The Government is advocating operational separation for Telecom but Telecom prefers structural separation - the hiving off of its network assets into a separate company.
Newman said operational separation had worked well for BT because it had a chief executive, Ben Verwaayen, who saw it as a sensible business strategy.
Verwaayen joined BT in 2002 at a time when a disastrous expansion strategy tripled debt and halved the share price. The company's latest annual results showed profit before taxation and specific items was up 15 per cent on last year.
"It [separation] has been a complex process to implement and they're not absolutely completely there, even now, but they are a long way down the track," said Newman.
The separation has not slowed down work on the company's "21st Century" network - a new IP-based network to replace the old network technology.

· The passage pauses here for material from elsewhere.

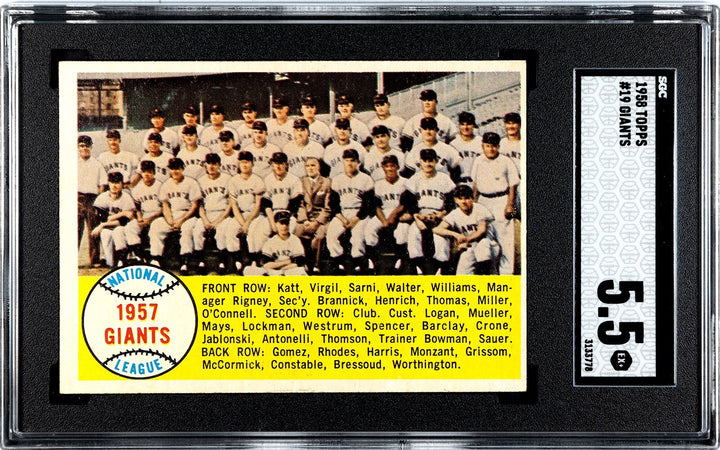 1958 Topps New York Giants Team Checklist Card #19- SGC Graded 5.5 EX+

"The three-way split does not seem to have inhibited in the slightest way British Telecom's commitment to that 21st Century network."
Newman said investment in the next generation network should not be allowed to cloud the issue of getting New Zealand's legacy position into order.
Telecom has said the Government's plan for operational separation would mean it could not afford network investment needed to meet the Government's digital strategy goal of having 5Mbps (megabits per second) broadband available to 90 per cent of the country by 2010.
"That argument doesn't stack up. There's no other industry that I'm aware of that takes the view that if you can't have a guaranteed monopoly you can't invest. It's the reverse - competition is what drives investment."
LOCKING HORNS
Government's plan
* Telecom will be split into wholesale, retail and network access units.
* The network access group should have its own brand and head office.
Telecom's plan
* It would have retail and wholesale operation units with light regulatory management.
* The network would be split off into a separate company that could be sold.